__Data for this exercise__
:::::

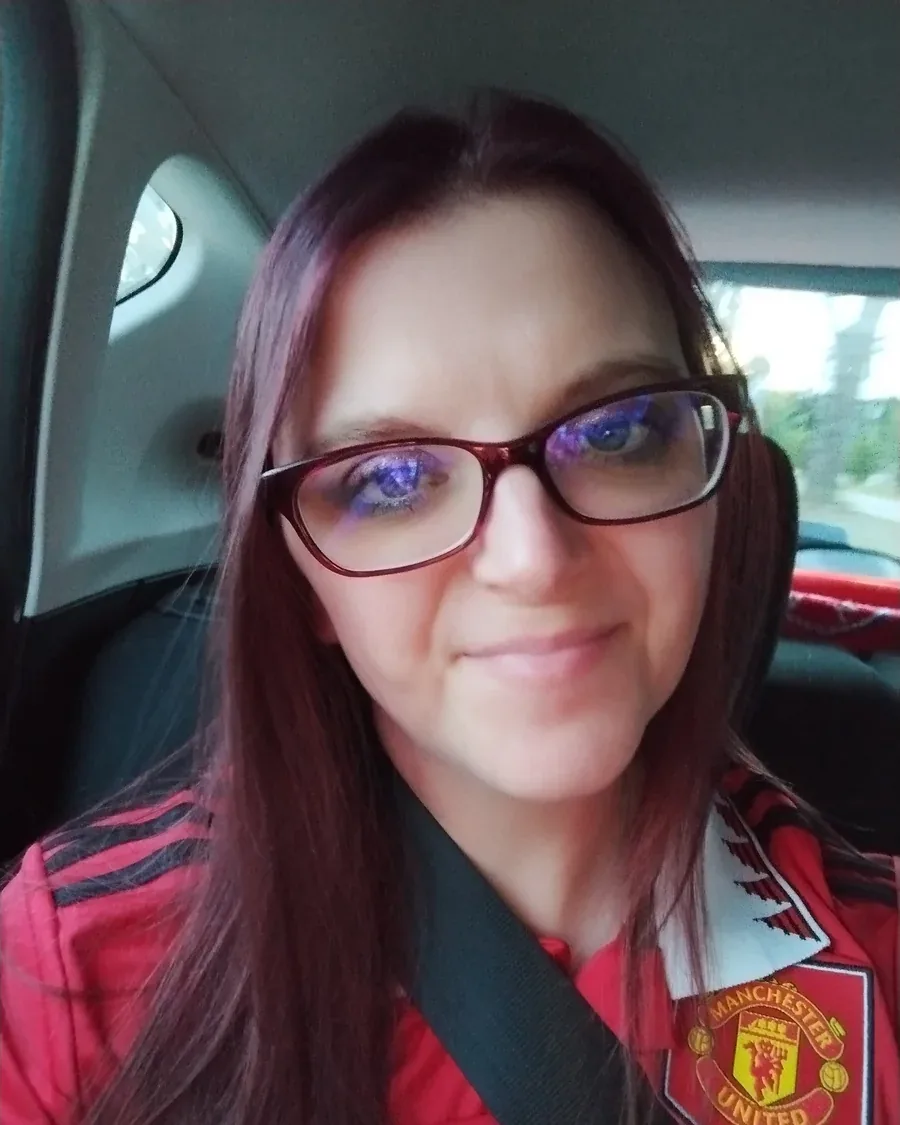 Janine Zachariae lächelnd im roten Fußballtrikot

:::::

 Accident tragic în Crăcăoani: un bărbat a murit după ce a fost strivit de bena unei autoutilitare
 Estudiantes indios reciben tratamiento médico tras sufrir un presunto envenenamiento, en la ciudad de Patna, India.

:::::

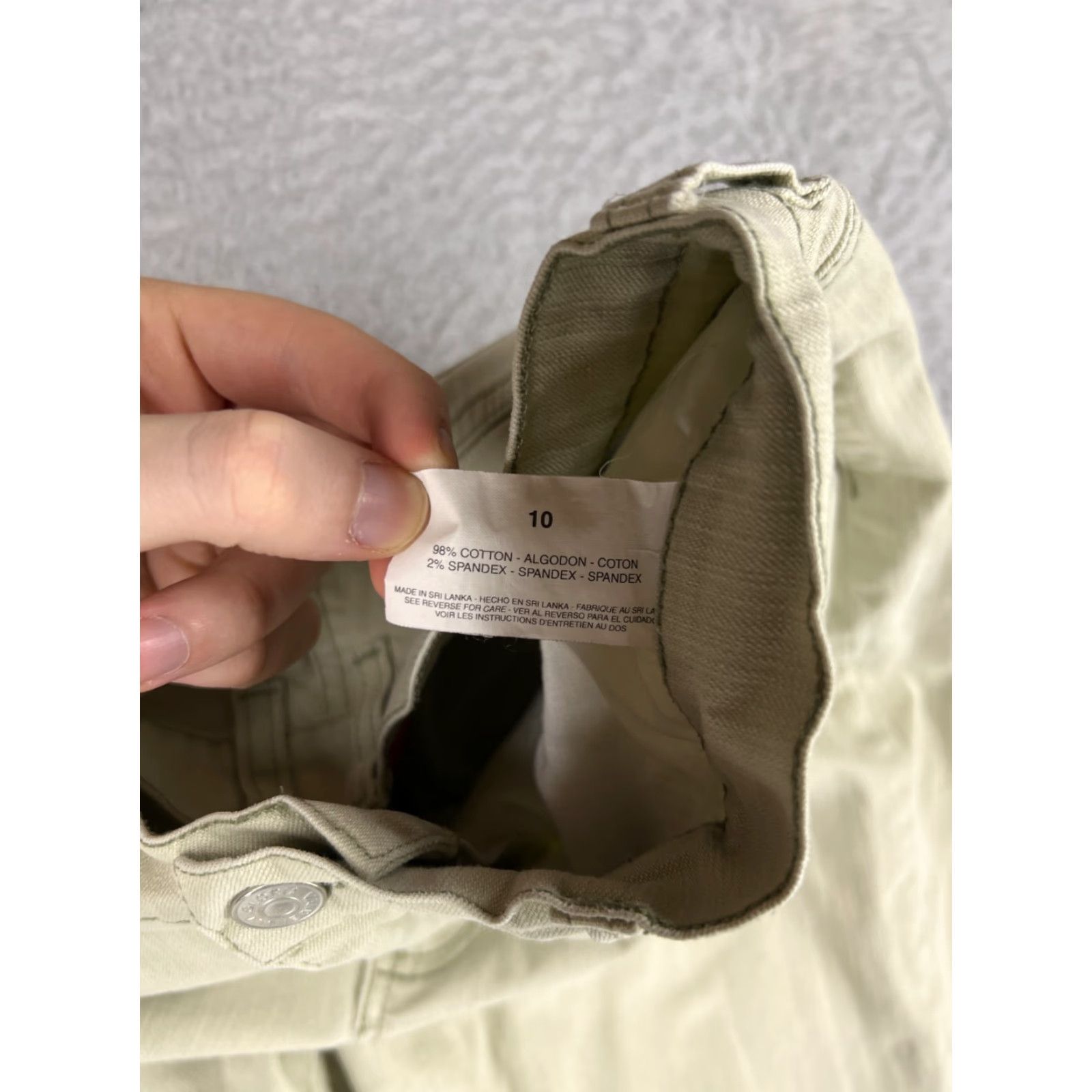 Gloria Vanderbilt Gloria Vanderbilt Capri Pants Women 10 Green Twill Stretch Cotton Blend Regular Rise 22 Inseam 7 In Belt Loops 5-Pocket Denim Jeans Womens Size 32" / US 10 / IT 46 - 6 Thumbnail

:::::

__What this task involves__
All that belongs in your answer is the stretch of entries above from the line with "Accident tragic în" through the line with "Estudiantes indios reciben", printed exactly.

__Exercise result__
 Accident tragic în Crăcăoani: un bărbat a murit după ce a fost strivit de bena unei autoutilitare
 Estudiantes indios reciben tratamiento médico tras sufrir un presunto envenenamiento, en la ciudad de Patna, India.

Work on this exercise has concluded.